DIRECTIONS
Leaving out all pictures, transcribe exactly the lines between the line with "Cr-430 Orologio Analogico" and the last line of the records below, both included.
___ DATA SECTION ___
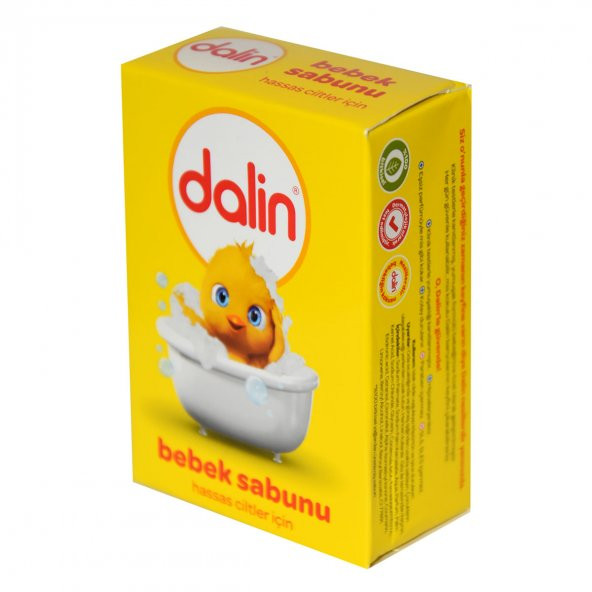 Dalin Bebek Sabunu Hassas Ciltler İçin 100 Gr - 5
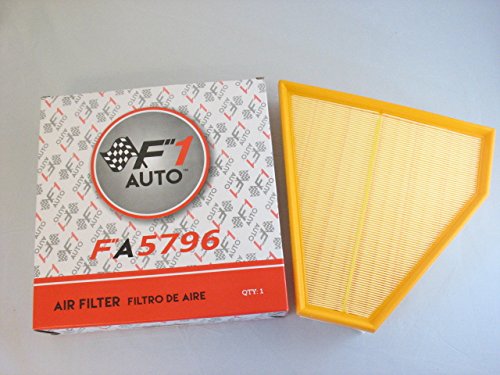 F1auto fa5796 flat panel engine air filter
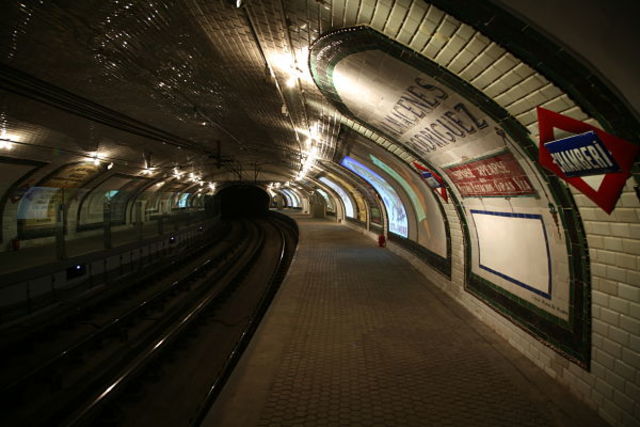 Eta attacked in Madrid's underground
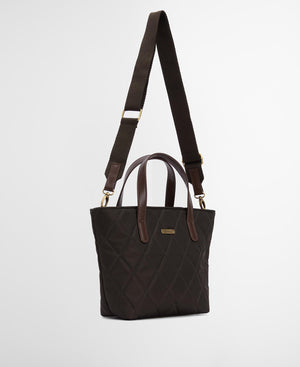Mini Bolso Barbour tote acolchado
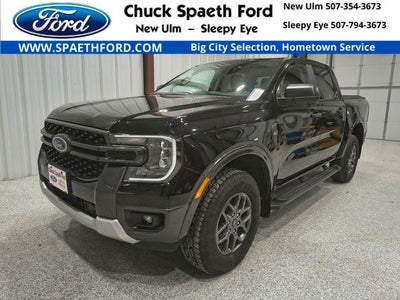 2024 Ford Ranger 4X4 XLT 4DR Supercrew 5.0 FT. SB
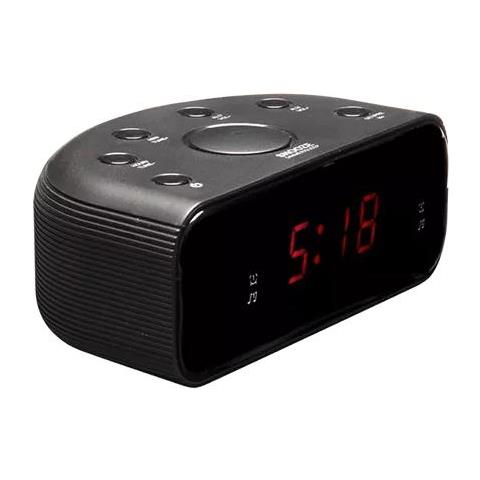 Cr-430 Orologio Analogico E Digitale Nero - Foto 3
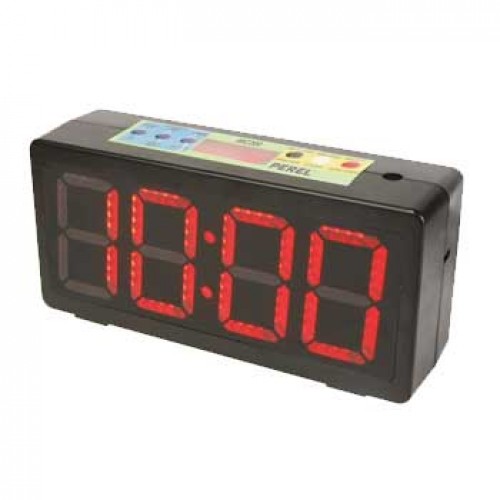 Relógio Parede Cronómetro Temporizador Leds 10cm
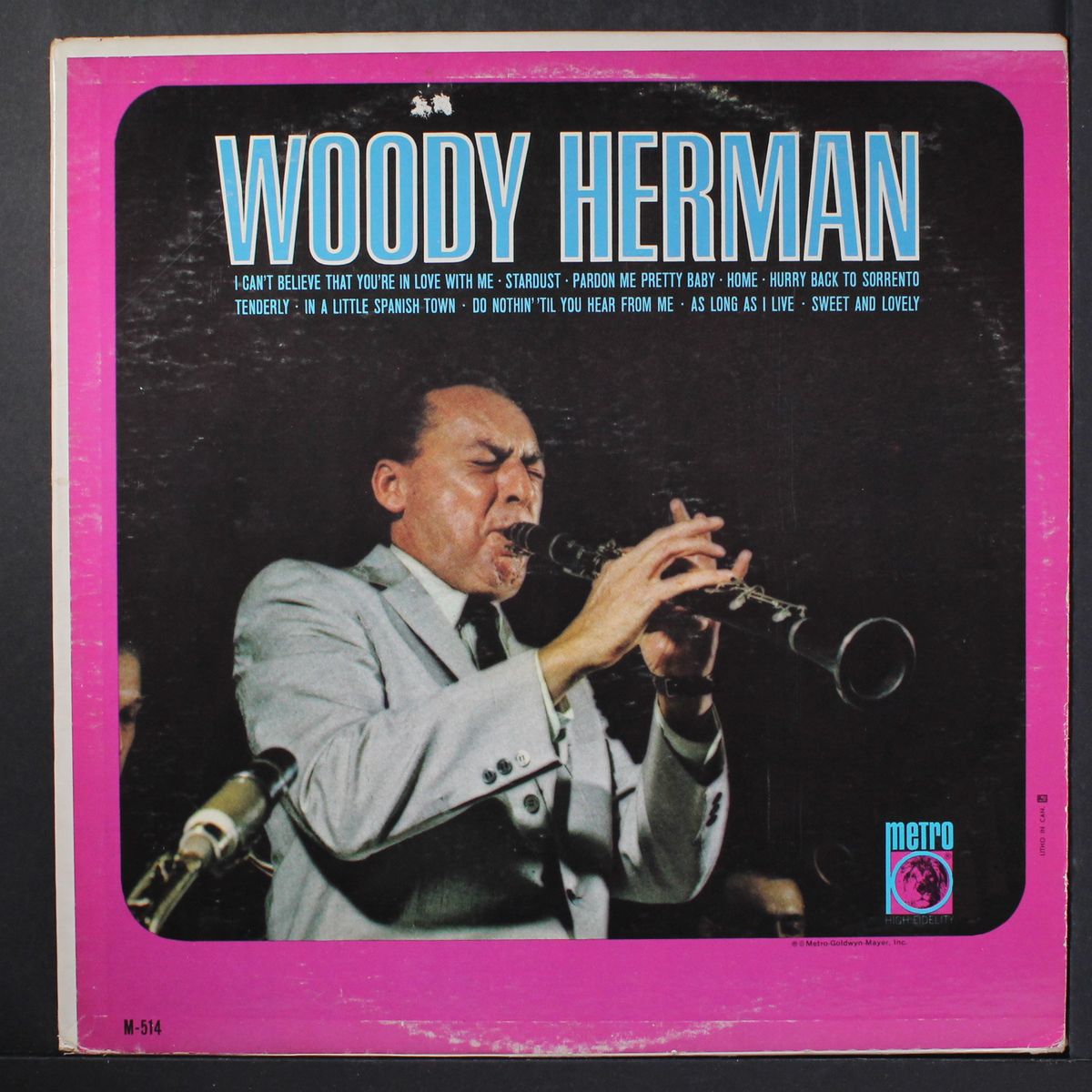 woody herman by WOODY HERMAN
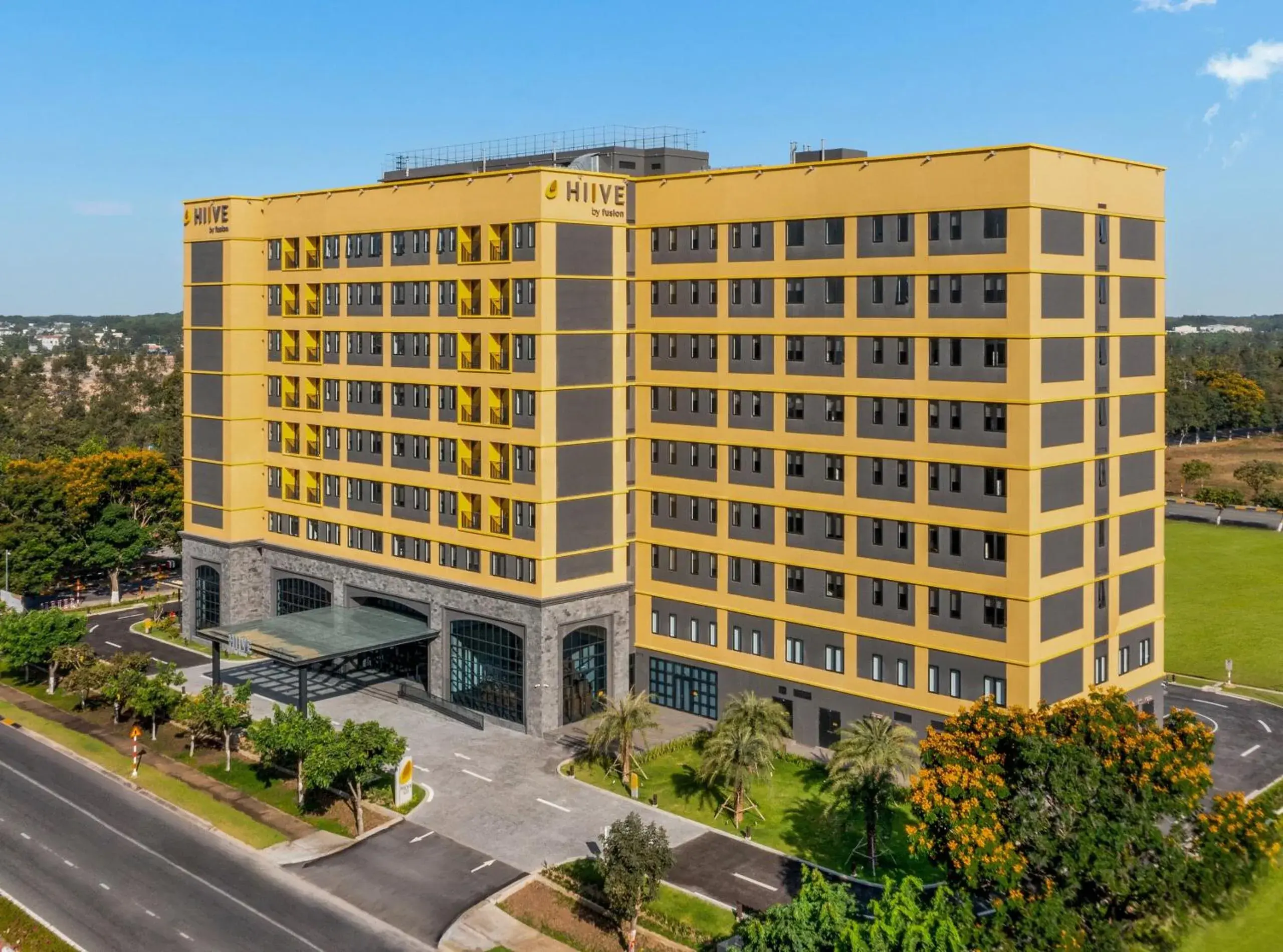 Property building in HIIVE by fusion Binh Duong New City - VSIP 2 Property building in HIIVE by fusion Binh Duong New City - VSIP 2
___
EXPECTED ANSWER
 Cr-430 Orologio Analogico E Digitale Nero - Foto 3
 Relógio Parede Cronómetro Temporizador Leds 10cm
 woody herman by WOODY HERMAN
 Property building in HIIVE by fusion Binh Duong New City - VSIP 2 Property building in HIIVE by fusion Binh Duong New City - VSIP 2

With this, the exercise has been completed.